**ACTIVITY:** Write out word for word the lines from the one holding "A lone angler fishing in Branson" through the end of the data, and only those lines. Pictures stay out.

START MATERIAL TO PROCESS

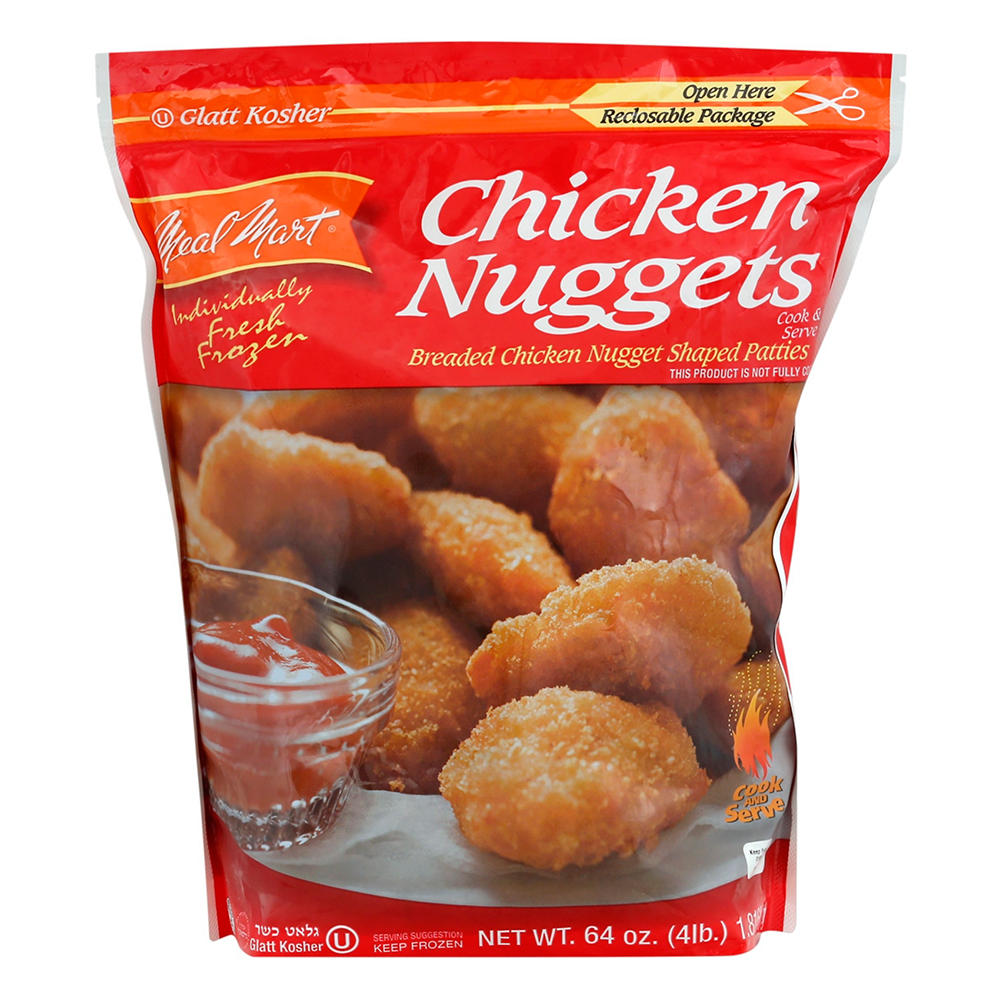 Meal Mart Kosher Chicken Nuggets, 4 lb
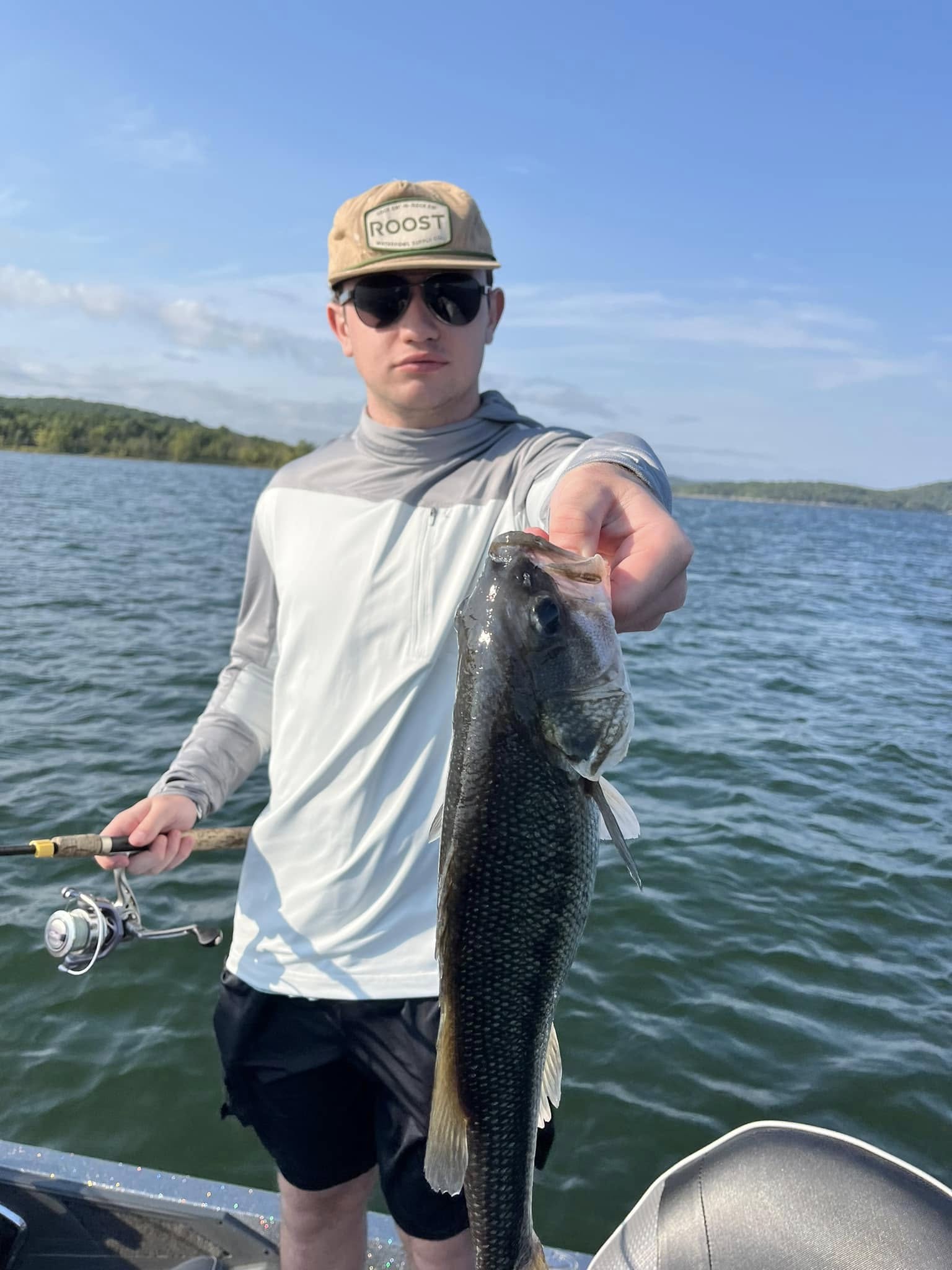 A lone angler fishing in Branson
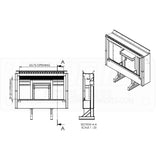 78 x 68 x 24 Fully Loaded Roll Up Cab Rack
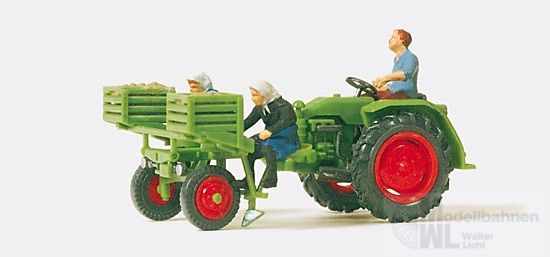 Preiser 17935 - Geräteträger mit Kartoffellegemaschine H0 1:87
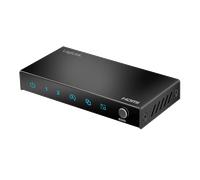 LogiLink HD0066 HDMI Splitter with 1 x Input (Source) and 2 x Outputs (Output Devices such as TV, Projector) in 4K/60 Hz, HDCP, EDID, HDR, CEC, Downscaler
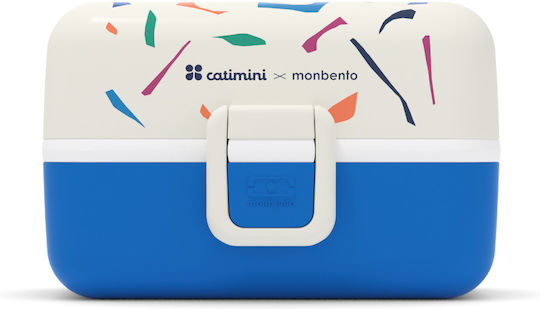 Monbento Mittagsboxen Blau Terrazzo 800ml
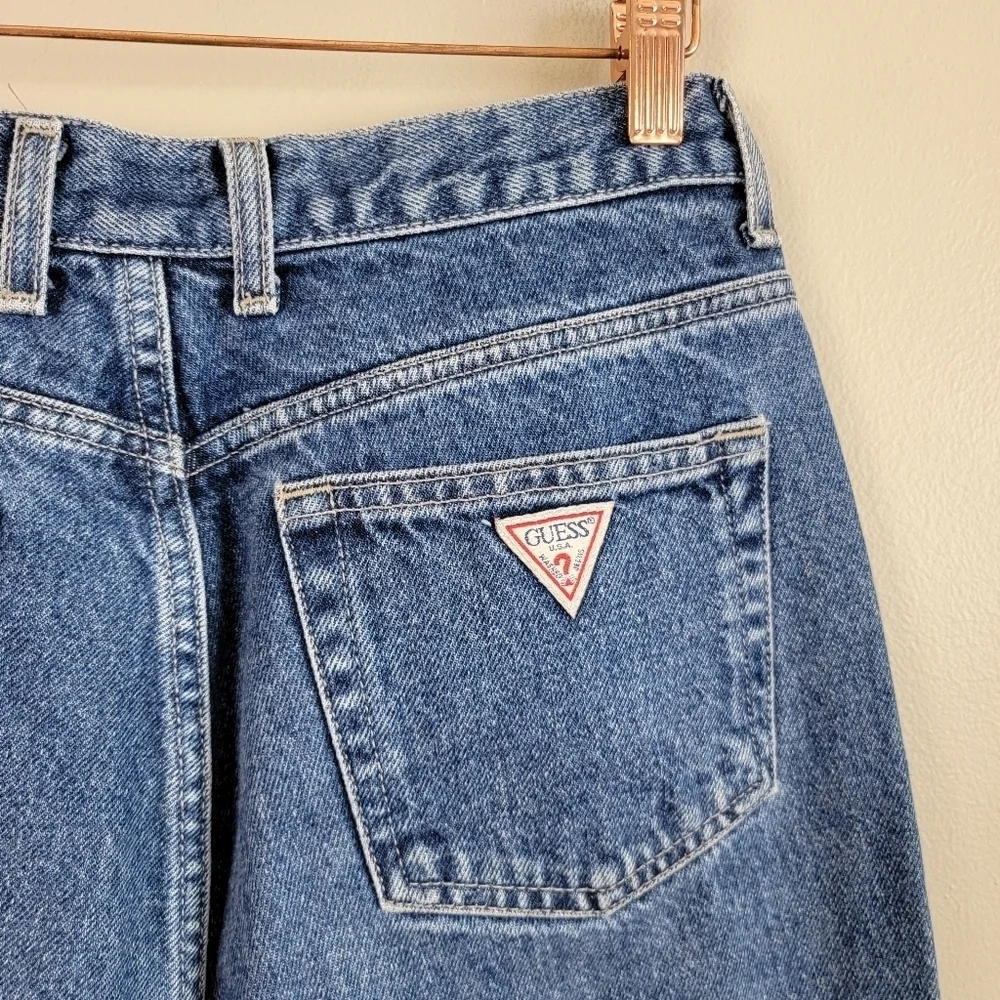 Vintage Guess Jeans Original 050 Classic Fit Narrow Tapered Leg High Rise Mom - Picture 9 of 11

END MATERIAL TO PROCESS

**EXPECTED ANSWER:**
 A lone angler fishing in Branson
 78 x 68 x 24 Fully Loaded Roll Up Cab Rack
 Preiser 17935 - Geräteträger mit Kartoffellegemaschine H0 1:87
 LogiLink HD0066 HDMI Splitter with 1 x Input (Source) and 2 x Outputs (Output Devices such as TV, Projector) in 4K/60 Hz, HDCP, EDID, HDR, CEC, Downscaler
 Monbento Mittagsboxen Blau Terrazzo 800ml
 Vintage Guess Jeans Original 050 Classic Fit Narrow Tapered Leg High Rise Mom - Picture 9 of 11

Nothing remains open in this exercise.